Before presenting the tools, I have to explain another very important concept called “tagging“. Adding tags to your pictures, notes, or tweets helps you and other users to filter out and find the information more efficiently. During the Summer Faculty Institute, our conference tag –also called hashtag in the Twitter world– will be sfi2010 (or #sfi2010 on Twitter, using the pound sign before the tag).
Slides: http://www.slideshare.net/mathplourde/612010-smart-technologies-for-smart-conference-participants
Since I only have 30 minutes to present and have participants sign-up and start using them, my focus will be on the following tools:
Evernote
Evernote is a note-taking application that runs on most major operating systems (Windows, Mac), including smartphones and devices (iPhone, Android, Blackberry, Windows Mobile, iPad). You can also install a web clipper add-on to your browser to keep copies of those important articles you have found.
Evernote supports text, images, screen captures, and audio notes. It also keeps the source URL of the things you capture, so you can find them again when it’s time to write and cite.
Notes are synchronized between devices, so you can start on your computer, switch to your iPad or smartphone, and access the web interface later. You can also share notes very easily, either by copying and pasting the information in an email, sending a note directly through email, or by sharing notes with other Evernote users.
http://www.evernote.com/
Twitter
Twitter is one of the fastest-growing social media platform. Millions of tweets are sent every day, but you can pretty easily filter them down to the ones you’re interested in using simple techniques.

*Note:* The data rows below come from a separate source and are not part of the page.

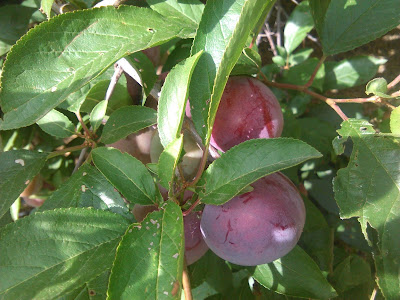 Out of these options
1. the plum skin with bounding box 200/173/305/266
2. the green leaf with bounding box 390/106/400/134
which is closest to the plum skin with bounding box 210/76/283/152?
the plum skin with bounding box 200/173/305/266

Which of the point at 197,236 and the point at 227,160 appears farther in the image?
the point at 197,236

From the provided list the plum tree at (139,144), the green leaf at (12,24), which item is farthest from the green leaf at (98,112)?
the green leaf at (12,24)

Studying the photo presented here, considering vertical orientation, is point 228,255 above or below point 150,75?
below

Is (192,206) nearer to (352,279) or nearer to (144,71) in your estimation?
(144,71)

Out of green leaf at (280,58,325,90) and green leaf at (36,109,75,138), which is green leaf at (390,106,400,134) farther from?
green leaf at (36,109,75,138)

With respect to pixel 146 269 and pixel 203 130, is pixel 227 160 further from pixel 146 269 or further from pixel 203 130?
pixel 146 269

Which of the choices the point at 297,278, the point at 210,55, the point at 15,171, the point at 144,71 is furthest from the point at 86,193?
the point at 297,278

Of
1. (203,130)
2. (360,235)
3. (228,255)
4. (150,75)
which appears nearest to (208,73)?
(203,130)

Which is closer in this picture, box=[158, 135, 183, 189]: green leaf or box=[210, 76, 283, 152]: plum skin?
box=[158, 135, 183, 189]: green leaf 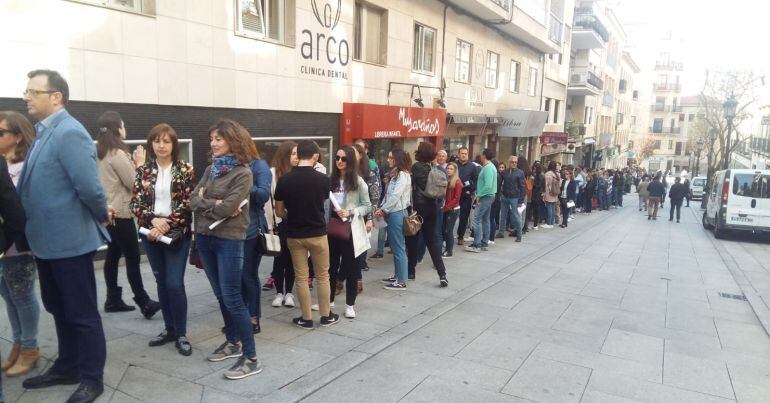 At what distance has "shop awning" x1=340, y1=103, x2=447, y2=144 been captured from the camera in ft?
36.9

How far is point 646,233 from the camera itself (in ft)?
49.8

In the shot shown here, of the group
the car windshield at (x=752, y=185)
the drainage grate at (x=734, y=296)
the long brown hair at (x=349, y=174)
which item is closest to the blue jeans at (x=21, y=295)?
the long brown hair at (x=349, y=174)

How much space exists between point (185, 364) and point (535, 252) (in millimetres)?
7371

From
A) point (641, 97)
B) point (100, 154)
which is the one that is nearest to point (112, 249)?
point (100, 154)

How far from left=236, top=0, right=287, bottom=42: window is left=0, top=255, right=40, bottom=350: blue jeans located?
5.91m

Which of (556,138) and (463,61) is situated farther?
(556,138)

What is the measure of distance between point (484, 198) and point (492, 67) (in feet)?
39.0

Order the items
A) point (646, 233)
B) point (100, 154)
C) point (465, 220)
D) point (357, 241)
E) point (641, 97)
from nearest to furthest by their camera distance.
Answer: point (100, 154) < point (357, 241) < point (465, 220) < point (646, 233) < point (641, 97)

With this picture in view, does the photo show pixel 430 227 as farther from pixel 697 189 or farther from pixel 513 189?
pixel 697 189

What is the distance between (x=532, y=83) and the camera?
24.7 metres

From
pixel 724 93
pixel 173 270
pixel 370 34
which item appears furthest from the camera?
pixel 724 93

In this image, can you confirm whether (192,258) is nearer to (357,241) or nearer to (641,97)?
(357,241)

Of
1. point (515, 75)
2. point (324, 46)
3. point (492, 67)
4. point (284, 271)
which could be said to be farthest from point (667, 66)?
point (284, 271)

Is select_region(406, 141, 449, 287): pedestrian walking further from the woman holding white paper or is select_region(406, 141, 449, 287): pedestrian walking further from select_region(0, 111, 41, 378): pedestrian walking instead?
select_region(0, 111, 41, 378): pedestrian walking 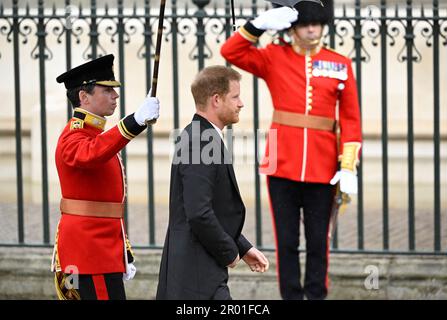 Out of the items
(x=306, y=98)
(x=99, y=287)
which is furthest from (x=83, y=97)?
(x=306, y=98)

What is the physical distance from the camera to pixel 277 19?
7.80 meters

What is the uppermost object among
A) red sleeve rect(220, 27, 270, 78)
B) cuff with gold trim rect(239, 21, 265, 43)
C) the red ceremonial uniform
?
cuff with gold trim rect(239, 21, 265, 43)

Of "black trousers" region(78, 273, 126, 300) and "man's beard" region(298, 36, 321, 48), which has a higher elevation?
"man's beard" region(298, 36, 321, 48)

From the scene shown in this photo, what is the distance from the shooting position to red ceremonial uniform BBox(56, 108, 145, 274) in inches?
255

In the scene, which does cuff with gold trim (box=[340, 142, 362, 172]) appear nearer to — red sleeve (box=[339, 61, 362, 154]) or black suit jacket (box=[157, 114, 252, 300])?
red sleeve (box=[339, 61, 362, 154])

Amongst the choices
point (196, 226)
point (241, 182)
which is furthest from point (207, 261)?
point (241, 182)

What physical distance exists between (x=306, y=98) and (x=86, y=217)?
1898 millimetres

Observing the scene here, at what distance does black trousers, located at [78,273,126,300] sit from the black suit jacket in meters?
0.34

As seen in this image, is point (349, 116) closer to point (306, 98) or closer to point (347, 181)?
point (306, 98)

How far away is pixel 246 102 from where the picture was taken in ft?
35.5

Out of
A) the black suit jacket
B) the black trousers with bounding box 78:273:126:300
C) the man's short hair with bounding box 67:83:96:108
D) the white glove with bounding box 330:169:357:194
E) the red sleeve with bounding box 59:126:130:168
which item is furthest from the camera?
the white glove with bounding box 330:169:357:194

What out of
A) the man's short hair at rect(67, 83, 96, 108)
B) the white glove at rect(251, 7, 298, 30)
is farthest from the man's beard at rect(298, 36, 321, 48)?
the man's short hair at rect(67, 83, 96, 108)

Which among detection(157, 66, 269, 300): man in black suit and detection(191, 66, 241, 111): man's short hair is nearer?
detection(157, 66, 269, 300): man in black suit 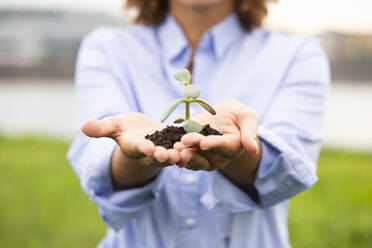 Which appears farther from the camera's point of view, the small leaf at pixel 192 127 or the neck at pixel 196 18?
Answer: the neck at pixel 196 18

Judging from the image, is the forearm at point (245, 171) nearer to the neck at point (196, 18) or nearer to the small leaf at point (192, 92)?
the small leaf at point (192, 92)

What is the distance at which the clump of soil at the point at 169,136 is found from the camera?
57.6 inches

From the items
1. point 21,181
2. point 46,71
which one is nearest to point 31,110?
point 46,71

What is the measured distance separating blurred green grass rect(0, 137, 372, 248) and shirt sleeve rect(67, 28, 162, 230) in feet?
8.84

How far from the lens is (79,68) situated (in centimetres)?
234

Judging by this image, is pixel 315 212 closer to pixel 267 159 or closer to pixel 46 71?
pixel 267 159

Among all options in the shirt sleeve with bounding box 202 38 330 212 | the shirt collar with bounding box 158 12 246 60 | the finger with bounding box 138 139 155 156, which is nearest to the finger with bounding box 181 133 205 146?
the finger with bounding box 138 139 155 156

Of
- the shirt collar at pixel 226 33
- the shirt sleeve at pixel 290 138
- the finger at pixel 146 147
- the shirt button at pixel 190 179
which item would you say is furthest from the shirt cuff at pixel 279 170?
the shirt collar at pixel 226 33

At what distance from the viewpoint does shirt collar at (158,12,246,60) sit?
2396mm

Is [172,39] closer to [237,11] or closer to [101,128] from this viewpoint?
[237,11]

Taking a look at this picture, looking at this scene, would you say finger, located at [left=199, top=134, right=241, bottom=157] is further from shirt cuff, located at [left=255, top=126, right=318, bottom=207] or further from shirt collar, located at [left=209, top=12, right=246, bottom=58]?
shirt collar, located at [left=209, top=12, right=246, bottom=58]

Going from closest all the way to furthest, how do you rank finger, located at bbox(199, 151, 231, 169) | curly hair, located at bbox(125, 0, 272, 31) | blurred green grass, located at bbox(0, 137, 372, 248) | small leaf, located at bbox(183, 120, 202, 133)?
1. finger, located at bbox(199, 151, 231, 169)
2. small leaf, located at bbox(183, 120, 202, 133)
3. curly hair, located at bbox(125, 0, 272, 31)
4. blurred green grass, located at bbox(0, 137, 372, 248)

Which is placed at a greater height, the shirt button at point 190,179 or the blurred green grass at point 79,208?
the shirt button at point 190,179

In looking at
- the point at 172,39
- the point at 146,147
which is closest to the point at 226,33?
the point at 172,39
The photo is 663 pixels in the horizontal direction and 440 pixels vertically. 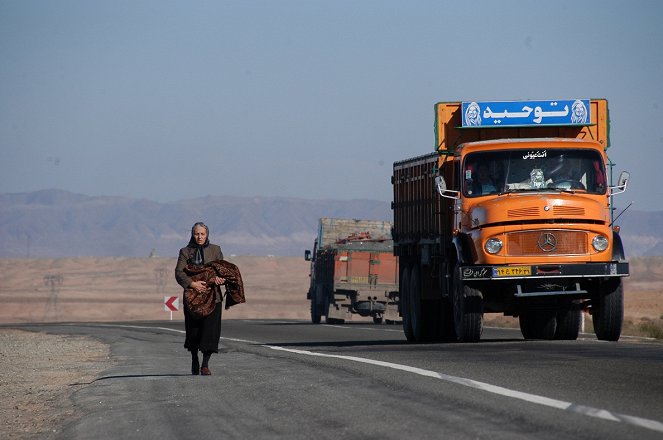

Twitter is not reciprocal. You do not have to be friend with someone to listen in, and the other user doesn’t have to follow you back. So some users get a lot of attention but only follow a fraction of their followers, while others follow a lot more than they get attention.
There is one catch: Twitter limits you to messages of 140 characters or less, so you really have to be precise when you use Twitter. How much information can you share with 140 characters? A lot! Especially if you insert a URL that leads to the original resource, which is what a very large proportion of tweets are all about.
http://twitter.com/
After creating your account, start following the UDATS account to get timely reminders of the SFI agenda and connect with other attendees.
Be sure to install a Twitter client on your computer to really enjoy using it! My favorite one is Twhirl, but a lot of people enjoy TweetDeck as well.
Flickr
You might have not realized this, but we all have many ways to take pictures right in our side pocket or on our desk. Phones, digital cameras, webcams, and scanners are some of the devices we can now use to capture a moment, an architectural detail, a very interesting poster, contact information on a poster, a computer screen, etc.
Flickr is a photo sharing site, not unlike other similar services like Photobucket or Picassa. The free account is limited to 100 MB of upload per month, but you can upgrade to a pro account and get unlimited uploads, collections, and sets.
Flickr allows you to upload pictures in many different ways, including a small client-side uploader that works very well, and through smartphones as well. You can tweak your privacy, copyright, and geo-location settings on an account level or for every different picture if you want to.
http://www.flickr.com/
See Flickr pictures tagged with “sfi2010″
Bu.mp
Business cards are so last-century… The Bump iPhone and Android app allows you to share contact information and more by simply hitting two phones together. You control which kind of information you want to share (e.g., work email, picture, social media profiles, mailing address, presentation files, URLs).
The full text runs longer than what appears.